Deep End, Jerzy Skolimowski
Publié le 24 Juillet 2011
Pour certains réalisateurs l’adolescence est, du fait des enjeux qui s’y déploient, le terrain d’élection d’un cinéma expérimental. Au début des sixties Nagisa Oshima filmait la violence et les contradictions de l’adolescence dans ses Contes cruels de la jeunesse.
Une décennie plus tard Jerzy Skolimowski, cinéaste britannique d’origine polonaise, plonge deux adolescents, Mike (John Moulder-Brown), une beauté angélique, et Susan (Jane Asher), une jolie rousse aux petits seins pommelés, dans les eaux d’une piscine anglaise dont les cabines surannées surchauffent les sens de certaines rombières peroxydées.
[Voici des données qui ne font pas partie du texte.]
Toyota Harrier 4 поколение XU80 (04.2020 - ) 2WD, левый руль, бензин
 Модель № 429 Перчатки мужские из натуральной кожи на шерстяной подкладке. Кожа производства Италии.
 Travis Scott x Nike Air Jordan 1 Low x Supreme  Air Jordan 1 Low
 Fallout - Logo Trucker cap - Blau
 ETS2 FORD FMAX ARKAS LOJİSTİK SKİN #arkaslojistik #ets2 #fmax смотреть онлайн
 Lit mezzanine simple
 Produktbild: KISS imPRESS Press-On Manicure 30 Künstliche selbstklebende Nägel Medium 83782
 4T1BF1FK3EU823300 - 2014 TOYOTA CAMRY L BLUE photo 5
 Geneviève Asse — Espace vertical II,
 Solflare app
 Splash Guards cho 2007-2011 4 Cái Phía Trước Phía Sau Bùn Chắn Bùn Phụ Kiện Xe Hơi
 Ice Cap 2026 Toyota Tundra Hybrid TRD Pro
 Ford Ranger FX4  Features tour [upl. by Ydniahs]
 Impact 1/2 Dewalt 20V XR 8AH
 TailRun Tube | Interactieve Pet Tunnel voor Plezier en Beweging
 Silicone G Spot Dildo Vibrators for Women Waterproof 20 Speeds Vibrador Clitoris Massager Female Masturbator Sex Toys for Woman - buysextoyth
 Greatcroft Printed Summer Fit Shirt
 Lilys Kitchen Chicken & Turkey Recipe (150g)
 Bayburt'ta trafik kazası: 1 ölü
Mike, 15 ans, est embauché dans un établissement de bains londonien. Inexpérimenté, il se fait manœuvrer par Susan, légèrement plus âgée que lui. Il devient tragiquement amoureux de la jeune femme, elle-même partagée entre son fiancé et un maître-nageur manipulateur.
Deep End est un film dont l’esthétique stylisée fascine, un film dont les couleurs vives sont celles d’un cinéaste coloriste ; mais c’est tout aussi bien un film claustrophobe sur l’adolescence.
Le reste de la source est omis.